§ What you have to do
Pictures aside, the data must be reproduced exactly.

§ Collected data
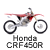 A static contact sheet of two identical motorcycle icons with text labels and a website URL, displayed on a white background with gray transparency sections.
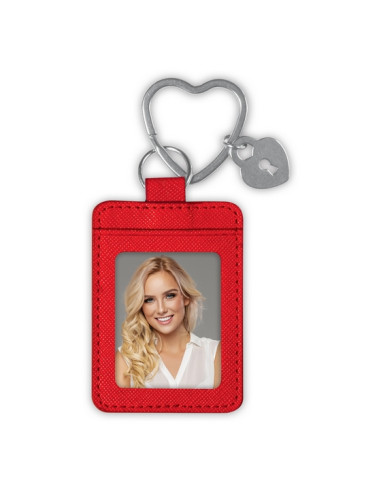ZEP GIFT AE2H 3,5X4,5 PHOTO KEYCHAIN LOVE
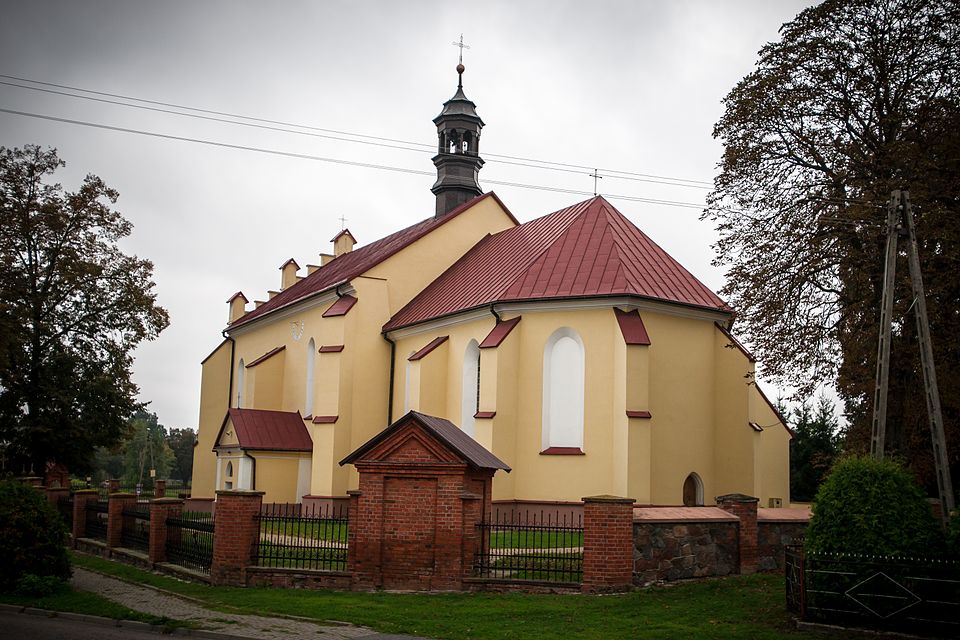 Kościół św. Mikołaja – Potok Wielki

§ Result for this exercise
 A static contact sheet of two identical motorcycle icons with text labels and a website URL, displayed on a white background with gray transparency sections.
ZEP GIFT AE2H 3,5X4,5 PHOTO KEYCHAIN LOVE
 Kościół św. Mikołaja – Potok Wielki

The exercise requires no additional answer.